Keçer said former Kızılot Mayor Kasım Fikret Dayıoğlu banned the use of fireworks in the region after scientific research indicated the potential damage caused by the fireworks to the environment. He also said lights scare the turtles and the hatchlings.

“When loud noise is added to the lights, the turtles’ fear increases 10 times,” he said. “Since the fireworks scare the turtles, the hotels in the region will not be allowed to use fireworks during the tourist season. We have proposed that hoteliers organize balloon shows instead of loud fireworks shows.”

Keçer said the whole seven-kilometer beach in Kızılot is a breeding zone for the turtles. “We know the importance of the turtles for nature as they also contribute to tourism,” said the mayor. “Some think that the sea turtles are an obstacle for tourism, which is totally wrong.”

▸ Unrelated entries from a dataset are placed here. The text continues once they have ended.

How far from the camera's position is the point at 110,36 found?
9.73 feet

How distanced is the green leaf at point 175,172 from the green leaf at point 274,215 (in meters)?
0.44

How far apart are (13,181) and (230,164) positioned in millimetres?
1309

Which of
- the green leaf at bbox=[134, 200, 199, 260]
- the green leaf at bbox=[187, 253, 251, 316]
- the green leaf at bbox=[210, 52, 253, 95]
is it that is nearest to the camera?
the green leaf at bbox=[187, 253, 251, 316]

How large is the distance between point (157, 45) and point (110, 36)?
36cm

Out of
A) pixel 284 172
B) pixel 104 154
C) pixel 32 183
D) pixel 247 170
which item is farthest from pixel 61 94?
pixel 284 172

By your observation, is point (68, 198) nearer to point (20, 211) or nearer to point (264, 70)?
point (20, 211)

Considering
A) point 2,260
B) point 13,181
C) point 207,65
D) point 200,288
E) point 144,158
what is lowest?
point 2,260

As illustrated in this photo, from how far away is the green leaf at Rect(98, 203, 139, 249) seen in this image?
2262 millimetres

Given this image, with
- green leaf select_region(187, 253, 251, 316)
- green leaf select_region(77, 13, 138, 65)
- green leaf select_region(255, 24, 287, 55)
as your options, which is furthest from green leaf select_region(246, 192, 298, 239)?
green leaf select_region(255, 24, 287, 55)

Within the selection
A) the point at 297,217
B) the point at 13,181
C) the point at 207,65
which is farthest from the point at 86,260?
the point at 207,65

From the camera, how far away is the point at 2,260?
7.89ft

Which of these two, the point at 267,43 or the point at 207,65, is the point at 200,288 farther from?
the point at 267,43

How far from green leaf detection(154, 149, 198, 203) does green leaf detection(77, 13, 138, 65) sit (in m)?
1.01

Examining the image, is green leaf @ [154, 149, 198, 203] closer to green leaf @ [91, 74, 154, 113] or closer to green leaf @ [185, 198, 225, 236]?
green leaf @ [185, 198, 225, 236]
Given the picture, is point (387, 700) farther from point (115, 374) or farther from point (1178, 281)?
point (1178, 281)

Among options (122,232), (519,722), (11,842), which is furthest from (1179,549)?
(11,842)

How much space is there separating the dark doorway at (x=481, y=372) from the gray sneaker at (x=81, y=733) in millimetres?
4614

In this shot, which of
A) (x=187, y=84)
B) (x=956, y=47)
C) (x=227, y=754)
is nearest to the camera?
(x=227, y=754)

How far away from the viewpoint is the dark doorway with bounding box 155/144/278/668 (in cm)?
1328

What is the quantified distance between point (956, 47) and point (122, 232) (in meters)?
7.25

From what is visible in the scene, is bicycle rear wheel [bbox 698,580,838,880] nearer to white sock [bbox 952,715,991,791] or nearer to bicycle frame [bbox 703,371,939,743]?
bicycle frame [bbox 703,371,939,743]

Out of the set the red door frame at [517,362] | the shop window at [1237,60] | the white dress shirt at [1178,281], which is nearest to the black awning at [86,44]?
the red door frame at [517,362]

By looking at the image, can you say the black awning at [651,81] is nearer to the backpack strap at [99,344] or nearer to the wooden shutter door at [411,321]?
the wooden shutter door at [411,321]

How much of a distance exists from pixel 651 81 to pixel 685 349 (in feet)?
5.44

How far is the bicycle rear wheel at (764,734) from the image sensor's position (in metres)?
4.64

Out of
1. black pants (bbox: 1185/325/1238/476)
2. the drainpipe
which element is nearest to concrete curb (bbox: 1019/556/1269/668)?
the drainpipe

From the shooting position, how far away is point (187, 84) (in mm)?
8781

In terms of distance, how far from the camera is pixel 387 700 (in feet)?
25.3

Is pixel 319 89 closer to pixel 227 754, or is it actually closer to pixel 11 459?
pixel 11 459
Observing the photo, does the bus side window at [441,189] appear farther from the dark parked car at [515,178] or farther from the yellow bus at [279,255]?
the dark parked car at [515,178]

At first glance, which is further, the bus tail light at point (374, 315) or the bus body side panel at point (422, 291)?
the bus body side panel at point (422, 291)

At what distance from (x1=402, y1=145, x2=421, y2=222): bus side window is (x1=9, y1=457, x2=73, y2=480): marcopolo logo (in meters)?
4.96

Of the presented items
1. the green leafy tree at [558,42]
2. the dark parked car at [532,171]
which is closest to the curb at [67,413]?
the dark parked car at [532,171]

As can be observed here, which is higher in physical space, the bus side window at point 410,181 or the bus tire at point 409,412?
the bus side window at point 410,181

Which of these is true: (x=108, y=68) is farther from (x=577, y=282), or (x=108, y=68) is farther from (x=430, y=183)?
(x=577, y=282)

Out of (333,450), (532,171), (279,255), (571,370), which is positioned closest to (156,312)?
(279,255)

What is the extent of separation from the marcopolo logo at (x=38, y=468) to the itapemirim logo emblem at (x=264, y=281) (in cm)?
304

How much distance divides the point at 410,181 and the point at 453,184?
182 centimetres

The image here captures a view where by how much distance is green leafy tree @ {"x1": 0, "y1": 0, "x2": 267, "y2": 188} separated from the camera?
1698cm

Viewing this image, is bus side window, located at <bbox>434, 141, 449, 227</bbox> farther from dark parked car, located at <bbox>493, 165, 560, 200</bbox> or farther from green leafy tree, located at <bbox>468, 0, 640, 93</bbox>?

In the Mediterranean, loggerheads mate from late March to early June. The female nesting season is at its peak in June and July, but this depends on the nesting beach. In general, each female produces between 70 and 150 eggs, each of which is roughly the size and shape of a ping-pong ball. The average interval between nesting seasons is two to three years.

After approximately 80 days, the hatchlings emerge – usually at night when the risk of predators is lower. Because they usually follow the brightest light to the ocean's edge, artificial lights from human activity can lead the loggerheads astray.